Ann Marie Manker

Cabbagetown is an urban neighborhood in the midst of a transformation as is one of its newest residents, artist Ann-Marie Manker. In her most recent work, Manker – an adjunct professor of painting and drawing at Savannah College of Art and Design – trades in her familiar images of animals for exotic portraits of a morphed Marie Antoinette figure replete with lavish costumes and a faint likeness to its creator.

Rendered in Manker’s signature delicate hand, the drawings made with graphite and water-based media – watercolor, gouache and ink – reveal an unexpected brutality and psychological depth. In this series titled ‘Pearl Necklace,’ Manker has lifted images of the 18th-century French queen from the Internet, altering them extensively by hand and digitally before they appear in final form as works on paper mounted on board for display. The protagonist adapts animal features, such as rabbit and dog ears, as she hovers between the realms of base instinct and high culture and design.

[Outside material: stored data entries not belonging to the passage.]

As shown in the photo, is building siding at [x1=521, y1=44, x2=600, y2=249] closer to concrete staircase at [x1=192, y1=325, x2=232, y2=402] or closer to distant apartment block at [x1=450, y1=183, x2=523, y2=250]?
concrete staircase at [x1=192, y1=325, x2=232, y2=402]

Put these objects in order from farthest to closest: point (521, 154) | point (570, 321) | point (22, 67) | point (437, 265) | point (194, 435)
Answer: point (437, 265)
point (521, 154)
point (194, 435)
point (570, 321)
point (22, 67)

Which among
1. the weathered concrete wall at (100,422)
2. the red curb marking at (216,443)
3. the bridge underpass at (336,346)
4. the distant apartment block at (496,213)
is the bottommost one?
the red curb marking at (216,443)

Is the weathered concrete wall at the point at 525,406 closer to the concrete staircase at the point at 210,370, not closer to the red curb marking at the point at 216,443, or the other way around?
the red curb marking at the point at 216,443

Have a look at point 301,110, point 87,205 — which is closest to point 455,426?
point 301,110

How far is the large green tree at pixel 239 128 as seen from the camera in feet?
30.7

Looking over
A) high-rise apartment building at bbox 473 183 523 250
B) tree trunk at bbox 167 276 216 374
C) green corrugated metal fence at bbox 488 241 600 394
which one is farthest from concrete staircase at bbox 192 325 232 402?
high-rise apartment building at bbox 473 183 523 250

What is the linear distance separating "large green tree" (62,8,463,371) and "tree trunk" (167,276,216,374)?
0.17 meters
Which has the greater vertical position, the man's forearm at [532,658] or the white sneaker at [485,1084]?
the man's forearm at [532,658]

Most unusual in the images, however, are the figures, people or animals, which occasionally emerge from under the ample folds of her dresses. Manker’s anthropomorphized characters speak to change and transformation, drawing parallels to early 20th-century art movements such as Symbolism and Surrealism in which heightened realities and dream states dictated artists’ choices of imagery. Manker’s ‘Pearl Necklace’ series will be part of a show based on ideas of shelter she has organized with three other artists, Brent Cox, Richie Bearden and Joy Phrasavath, at Aurora coffee house in Little Five Points (June-July).

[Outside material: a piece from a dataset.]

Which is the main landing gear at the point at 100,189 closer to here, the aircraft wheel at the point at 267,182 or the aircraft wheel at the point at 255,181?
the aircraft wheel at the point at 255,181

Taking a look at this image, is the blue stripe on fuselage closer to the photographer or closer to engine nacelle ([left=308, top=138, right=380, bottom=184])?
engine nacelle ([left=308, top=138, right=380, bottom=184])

Manker is one of many Atlanta artists who manages a multivalent career; in her case as teacher, curator and mobilizing member of the art collective Golden Blizzard, which exhibits as a group with Marcia Wood Gallery in Castleberry Hill. When working on projects, the group convenes weekly and creates murals that they draw together as cadavre exquis (literally, ‘exquisite corpse’; one artist adds to another’s work to create something spontaneous and unplanned). They have shown locally at Eyedrum and nationally in Portland. While Manker completed her MFA at Georgia State University, she ran an innovative gallery called Art Spot in her loft space (2001-2004). She participates in MOCA’s Artist Resource Council, whose efforts support the local arts community and brings her SCAD students to many shows around town.

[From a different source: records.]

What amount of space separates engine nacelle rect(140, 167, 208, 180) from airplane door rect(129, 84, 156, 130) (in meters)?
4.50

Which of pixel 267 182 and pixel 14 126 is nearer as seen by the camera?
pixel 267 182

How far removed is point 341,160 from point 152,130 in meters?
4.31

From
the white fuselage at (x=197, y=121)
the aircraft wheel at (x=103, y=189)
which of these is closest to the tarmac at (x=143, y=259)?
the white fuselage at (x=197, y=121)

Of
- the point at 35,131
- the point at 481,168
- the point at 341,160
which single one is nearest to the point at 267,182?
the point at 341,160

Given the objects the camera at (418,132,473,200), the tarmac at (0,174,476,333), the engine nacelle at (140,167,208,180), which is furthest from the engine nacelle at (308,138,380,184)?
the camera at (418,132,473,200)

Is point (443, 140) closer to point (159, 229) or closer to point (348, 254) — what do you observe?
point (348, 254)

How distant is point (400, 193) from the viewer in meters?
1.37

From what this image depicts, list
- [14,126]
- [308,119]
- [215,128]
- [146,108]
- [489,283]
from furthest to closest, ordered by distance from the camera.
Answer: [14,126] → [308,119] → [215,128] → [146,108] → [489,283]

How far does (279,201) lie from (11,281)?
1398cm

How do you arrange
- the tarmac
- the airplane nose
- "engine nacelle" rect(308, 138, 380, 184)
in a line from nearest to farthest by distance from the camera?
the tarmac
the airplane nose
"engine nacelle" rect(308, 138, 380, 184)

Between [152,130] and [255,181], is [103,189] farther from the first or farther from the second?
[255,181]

Manker has established a successful solo career as well. First highlighted in a small installation at MOCA in 2003, she followed it with a solo exhibition at Saltworks Gallery, Perfect Fit (2004), and received the Forward Arts Foundation Emerging Artist award in 2005, accompanied by a solo show, Catfight, at the Swan Coach House gallery last year. Each of her subsequent exhibitions has shown Manker to be a resilient and resourceful artist, further developing her ideas and techniques and proving she is one to watch.

art work by artist manker

Perles Rouge, above, is part of Mankerís series titled Pearl Necklace, based on images of 18th-century French queen Marie Antoinette.